Dalam Hening dan Cahaya: Sebuah Perjalanan di Museum MACAN”
Di sebuah ruang yang temaram, di mana dinding seolah menelan gema langkah, aku duduk di hadapan sebingkai cahaya. Lukisan biru itu tidak sekadar terpajang — ia bernapas. Dari balik pigura, seakan ada denyut halus yang memanggil, mengundang pandangan untuk tenggelam lebih dalam, melampaui warna dan bentuk, menuju ruang sunyi di antara pikiran dan perasaan. Dalam hening itu, seni berbicara tanpa suara.

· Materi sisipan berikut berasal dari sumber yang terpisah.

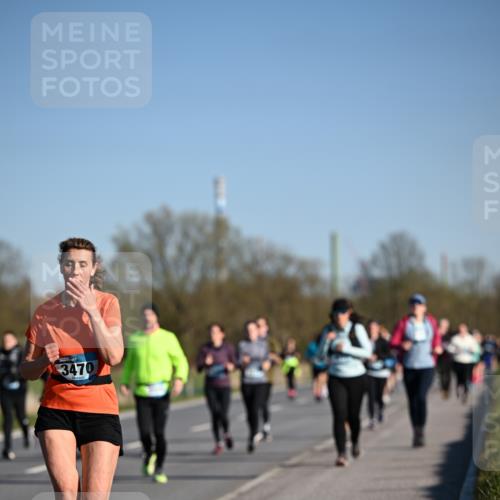 06.04.2025 - 44. Internationalen Wilhelmsburger Insellauf Dr. Thomas Lammeyer http://msf.ph/oto/7558458 06.04.2025 09:34:37 Laufen 3470 meine-sportfotos.de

Pada potret kedua, dunia berubah rupa. Dari kesunyian biru menuju semesta yang berpendar. Bola-bola cahaya menari di ruang cermin, menggandakan dirinya tanpa henti — seperti bintang-bintang yang menolak padam. Di sini, batas antara realita dan imajinasi menjadi kabur; aku berdiri di antara ribuan pantulan diri, seolah menyaksikan versi-versi lain dari keberadaan. Warna hijau, ungu, dan jingga berbaur menjadi simfoni cahaya yang menembus mata dan merasuk batin.
Kembali ke ruang tenang, pada foto ketiga, sosok lain duduk dalam keheningan yang sama. Ada jarak, namun juga kedekatan — karena seni, pada akhirnya, adalah cermin yang mempertemukan kita dengan diri sendiri. Cahaya yang sama menyinari, namun maknanya selalu berbeda bagi tiap jiwa yang memandang.

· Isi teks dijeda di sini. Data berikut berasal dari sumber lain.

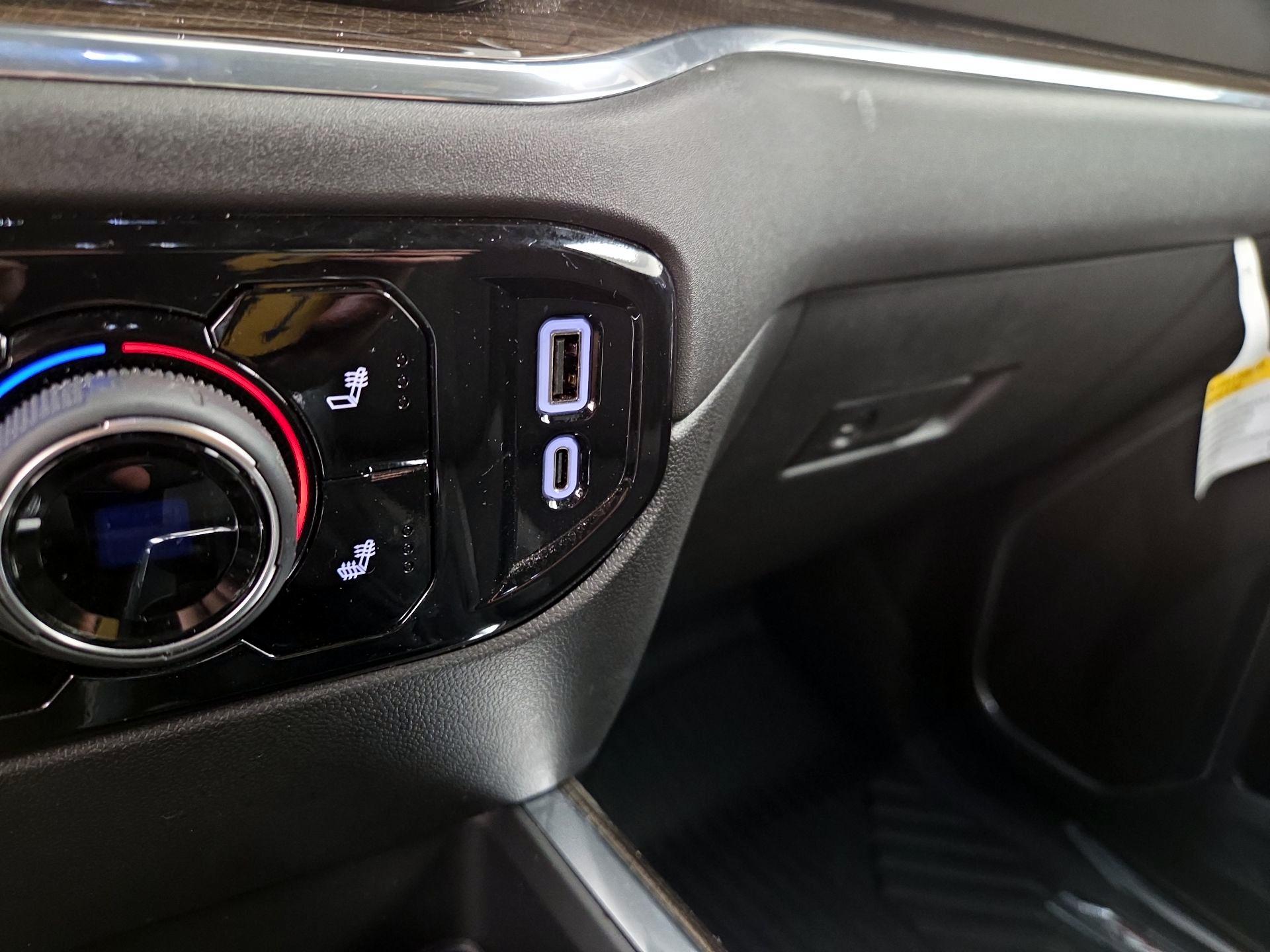 Thumbnail: 2025 Chevrolet Silverado 1500 - 19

Museum MACAN, dalam tiga potret ini, bukan sekadar tempat menyimpan karya. Ia adalah altar bagi renungan, laboratorium bagi cahaya, dan panggung bagi dialog antara manusia dan keabadian. Di sanalah waktu berhenti sebentar — memberi kesempatan bagi mata untuk melihat, dan hati untuk memahami.